## Task item
When the listing below reaches the line that has "vidaXL Box Spring", start reproducing exactly; stop after the line that has "Italian Inlaid Wood", and drop the pictures.

## Data to use
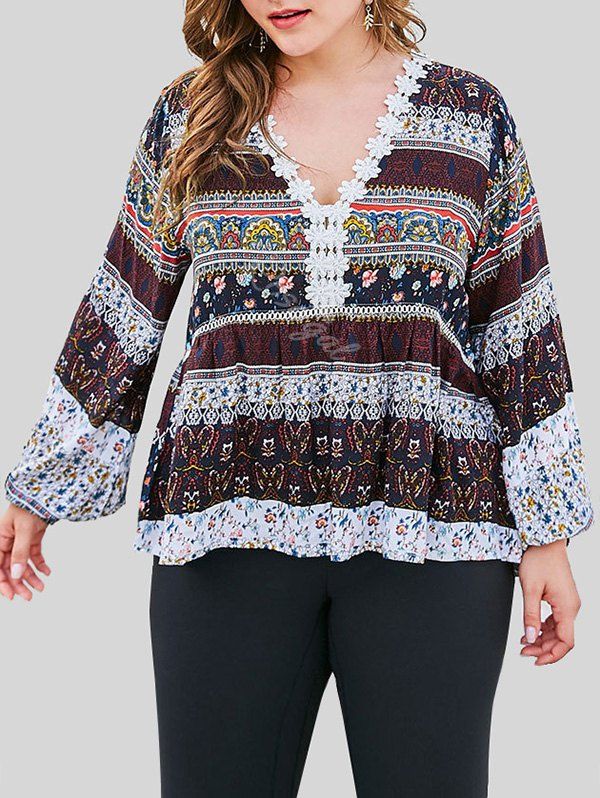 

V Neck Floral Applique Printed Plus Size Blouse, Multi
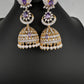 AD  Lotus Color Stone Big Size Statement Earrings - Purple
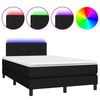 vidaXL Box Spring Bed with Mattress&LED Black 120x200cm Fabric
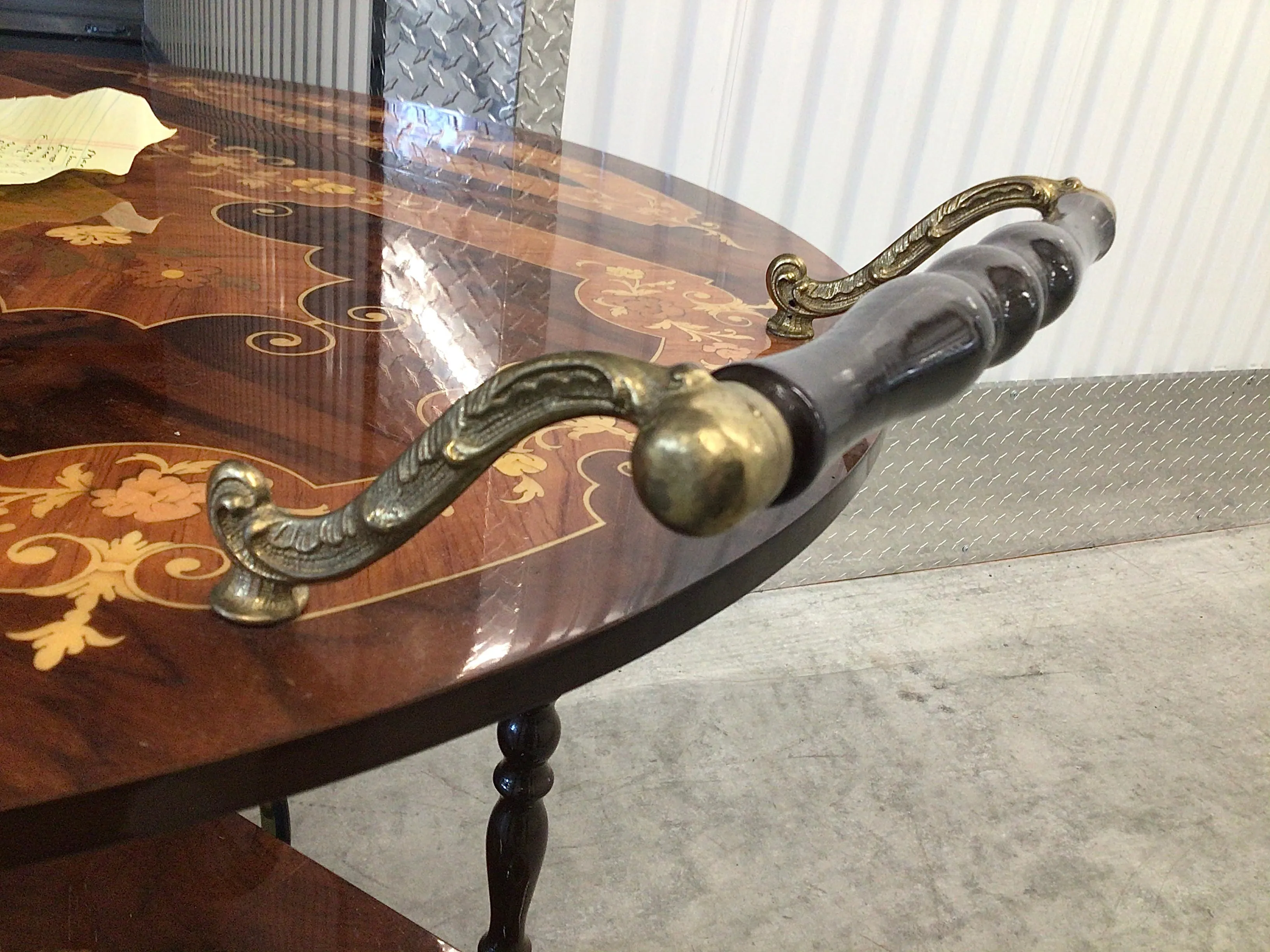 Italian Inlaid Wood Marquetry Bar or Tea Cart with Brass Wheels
...
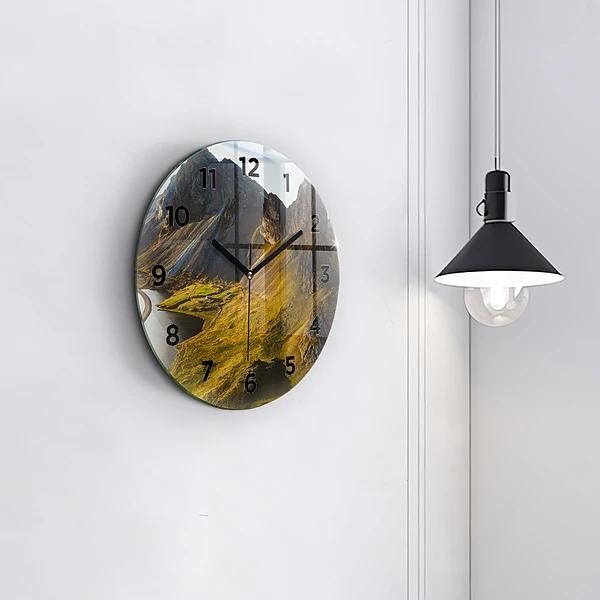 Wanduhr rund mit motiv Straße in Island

## Task solution
 vidaXL Box Spring Bed with Mattress&LED Black 120x200cm Fabric
 Italian Inlaid Wood Marquetry Bar or Tea Cart with Brass Wheels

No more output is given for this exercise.